- **Provided material**:
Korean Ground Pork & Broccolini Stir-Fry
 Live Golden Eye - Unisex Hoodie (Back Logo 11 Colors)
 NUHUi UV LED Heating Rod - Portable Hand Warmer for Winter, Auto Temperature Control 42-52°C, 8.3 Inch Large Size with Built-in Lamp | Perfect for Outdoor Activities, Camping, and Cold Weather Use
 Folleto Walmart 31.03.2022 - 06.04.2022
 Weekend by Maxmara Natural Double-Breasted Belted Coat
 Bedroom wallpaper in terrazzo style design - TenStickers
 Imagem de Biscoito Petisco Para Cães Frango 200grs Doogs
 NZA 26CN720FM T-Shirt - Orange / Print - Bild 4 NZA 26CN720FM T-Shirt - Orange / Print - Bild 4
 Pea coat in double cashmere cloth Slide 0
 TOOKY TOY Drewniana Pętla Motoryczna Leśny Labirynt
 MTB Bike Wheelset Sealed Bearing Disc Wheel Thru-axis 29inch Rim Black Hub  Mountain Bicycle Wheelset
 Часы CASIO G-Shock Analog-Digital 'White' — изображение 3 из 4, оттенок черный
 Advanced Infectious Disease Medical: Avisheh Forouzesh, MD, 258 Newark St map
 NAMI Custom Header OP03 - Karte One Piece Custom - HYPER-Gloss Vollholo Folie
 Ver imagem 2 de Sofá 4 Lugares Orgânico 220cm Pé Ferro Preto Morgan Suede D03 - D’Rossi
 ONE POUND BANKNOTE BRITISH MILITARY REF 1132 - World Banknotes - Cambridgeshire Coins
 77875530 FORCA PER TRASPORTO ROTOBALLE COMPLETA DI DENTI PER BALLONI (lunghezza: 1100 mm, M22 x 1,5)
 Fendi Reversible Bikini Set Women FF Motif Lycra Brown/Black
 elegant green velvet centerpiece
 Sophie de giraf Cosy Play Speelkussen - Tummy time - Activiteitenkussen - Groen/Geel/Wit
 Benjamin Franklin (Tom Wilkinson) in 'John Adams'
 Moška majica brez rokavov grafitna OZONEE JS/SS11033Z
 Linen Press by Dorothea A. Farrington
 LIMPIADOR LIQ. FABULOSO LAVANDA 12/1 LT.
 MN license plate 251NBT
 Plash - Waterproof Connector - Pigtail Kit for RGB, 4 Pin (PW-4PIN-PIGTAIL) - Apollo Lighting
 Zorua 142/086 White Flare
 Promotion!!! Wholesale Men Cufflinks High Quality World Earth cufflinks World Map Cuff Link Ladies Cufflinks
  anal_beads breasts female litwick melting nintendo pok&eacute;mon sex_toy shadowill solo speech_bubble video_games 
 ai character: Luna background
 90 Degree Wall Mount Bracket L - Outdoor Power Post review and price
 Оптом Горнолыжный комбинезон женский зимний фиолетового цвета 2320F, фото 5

- **What the exercise asks**: Give back the lines of the data exactly as they are written, from the first line through the line containing "Bedroom wallpaper in".

- **Solution**:
Korean Ground Pork & Broccolini Stir-Fry
 Live Golden Eye - Unisex Hoodie (Back Logo 11 Colors)
 NUHUi UV LED Heating Rod - Portable Hand Warmer for Winter, Auto Temperature Control 42-52°C, 8.3 Inch Large Size with Built-in Lamp | Perfect for Outdoor Activities, Camping, and Cold Weather Use
 Folleto Walmart 31.03.2022 - 06.04.2022
 Weekend by Maxmara Natural Double-Breasted Belted Coat
 Bedroom wallpaper in terrazzo style design - TenStickers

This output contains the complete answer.